In 1970 Japanese researcher Masahiro Mori proposed a hypothesis called "the uncanny valley." It states that if someone were to graph the relationship between robots' resemblance to humans versus robot likeability, the slope of the graph would steadily increase until a point when robots became much too humanlike. At this undefined precipice, the slope of the graph would abruptly turn negative, plummeting below zero. "There's a constant tension of making robots that appear intelligent, but aren't too intelligent," says Reid Simmons, a research professor at Carnegie Mellon's Robotics Institute.
To avoid this valley, LIREC plans to devote a significant amount of time to studying human–robot interactions to find out what situations make people uncomfortable. They will analyze human relations with robots such as Pleo, an interactive toy dinosaur, and KASPAR, a childlike machine conceptualized by ASRG's Dautenhahn. A group in Hungary also plans to study human relations with pet dogs and apply their findings to robots.
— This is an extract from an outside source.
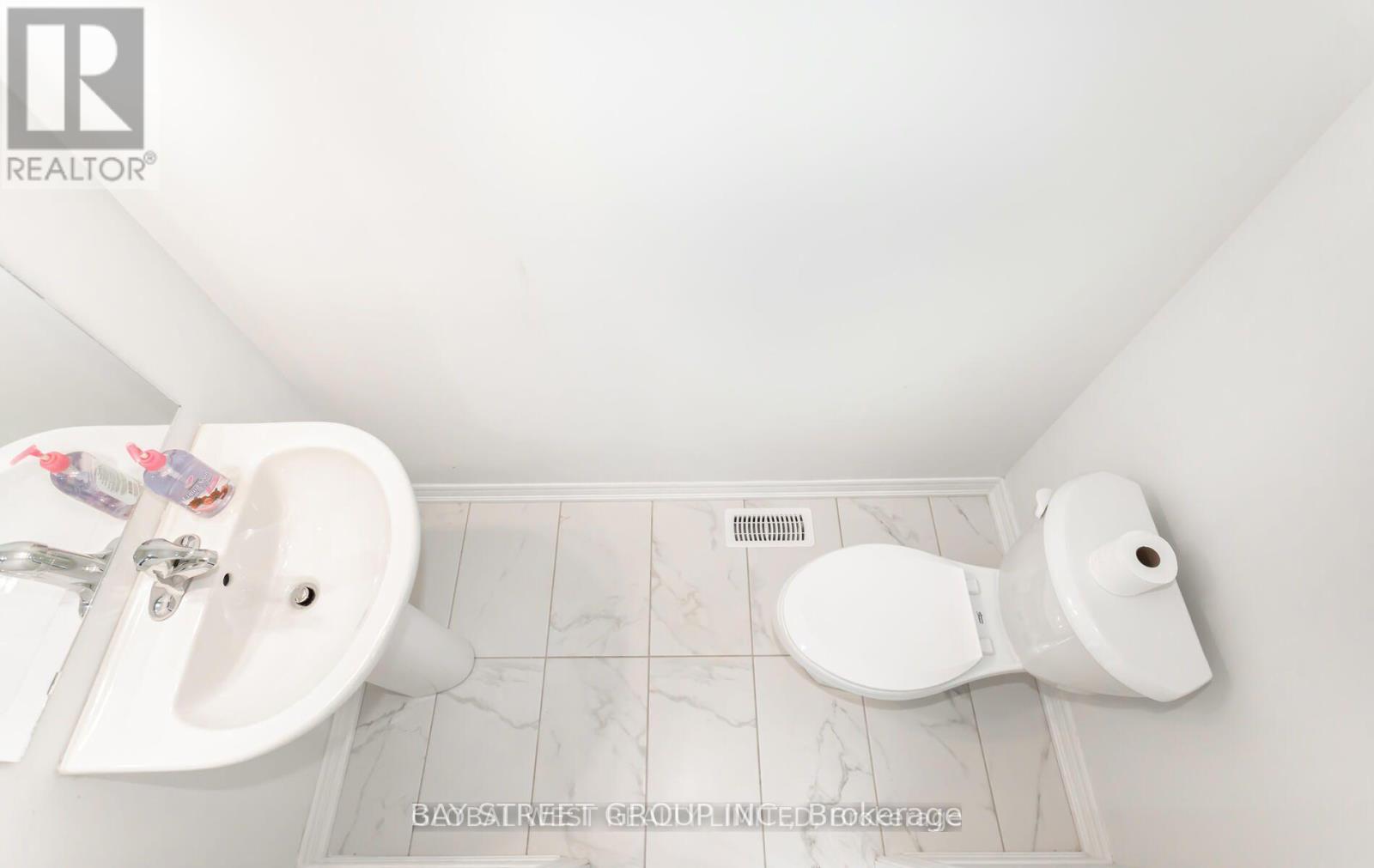 8 - 16 Reid Avenue, Hamilton, Ontario  L8H 0B5 - Photo 8 - X12268187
One of the biggest challenges, Queen Mary's McOwan says, will be studying a principle known as migration—the movement of a robot between platforms: for instance, from a robotic body in your living room to a graphical face on your computer screen. LIREC is the first group ever to probe how humans react as a "familiar" robot changes from a physical into a virtual being. But to get there, science will first have to make robots with familiar personalities.